Jan Jarboe Russell

Historian and Bestselling Author

Jan Jarboe Russell

Jan Jarboe Russell was born in Beaumont Texas and grew up in small towns in East Texas. Her father was a minister of music in the Southern Baptist church; her mother an elementary school teacher and reading specialist. Music and books were everywhere in her home growing up. When she was sixteen years old, she landed a job at the home town weekly newspaper The Cleveland Advocate and decided to be a writer.

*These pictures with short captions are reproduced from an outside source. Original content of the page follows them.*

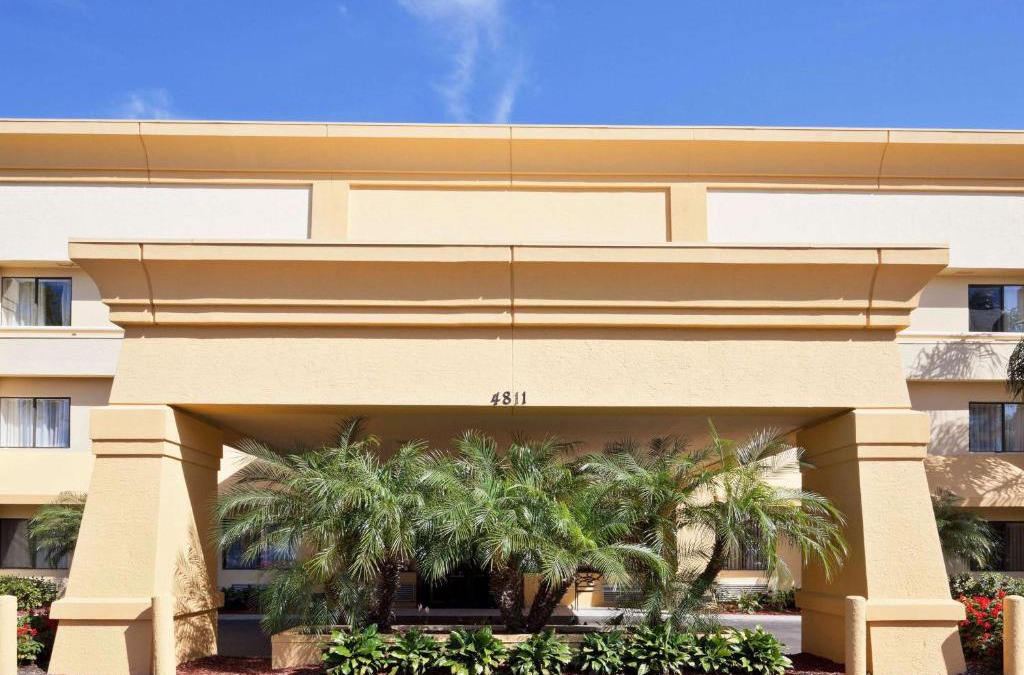 Tampa Hotel | La Quinta by Wyndham Tampa Fairgrounds - Casino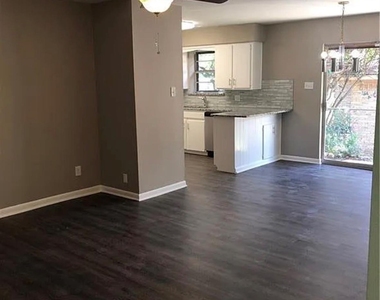 2936 Hunting Drive - Photo Thumbnail 1
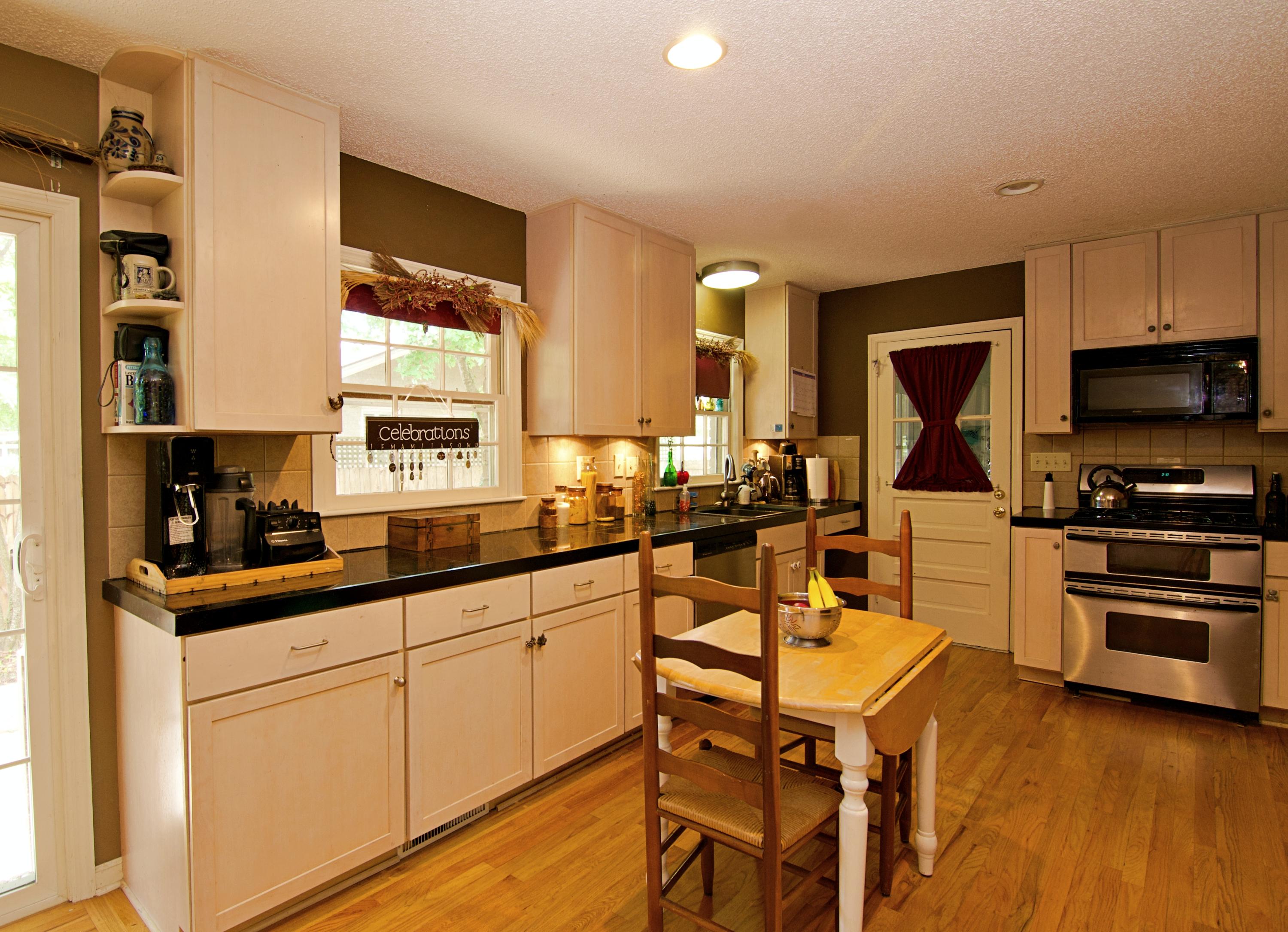 1104 Harbor View Road Charleston, SC 29412 - Photo 11 of 31 22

She graduated from the University of Texas in Austin in 1972 with a bachelor’s degree in journalism. While in college she was on the staff of the college newspaper The Daily Texan.

After graduating she took a job in Savannah, Georgia with the Savannah Morning News. In 1973 she moved to San Antonio and became a political reporter at the San Antonio Light. In 1976, she joined the Hearst Bureau in Washington D.C where she focused on Texas politics.

She returned to San Antonio in 1981 with the San Antonio Light as managing editor and later when the Light closed was a daily and Sunday columnist for the San Antonio Express News. The column was hard edged focusing on city and state politics.

In 1984 she was a Nieman Fellow at Harvard College, one of twelve American journalists to study at Harvard during an academic year. She studied American literature, religion and philosophy. This experience shifted her interest toward long-form journalism focusing on politics, religion and social issues. In 1988 she joined Texas Monthly magazine as a senior editor. In 1989 her story, “Adoption: The Woes of Wednesday’s Child” about the need for reforming adoption practices in Texas, was selected as best magazine story of the year by the Headliner Club. In 1993 she won the award again for a story entitled: “Why Me?” about the family of Reverend Jimmy Allen who lost 3 family members to AIDS.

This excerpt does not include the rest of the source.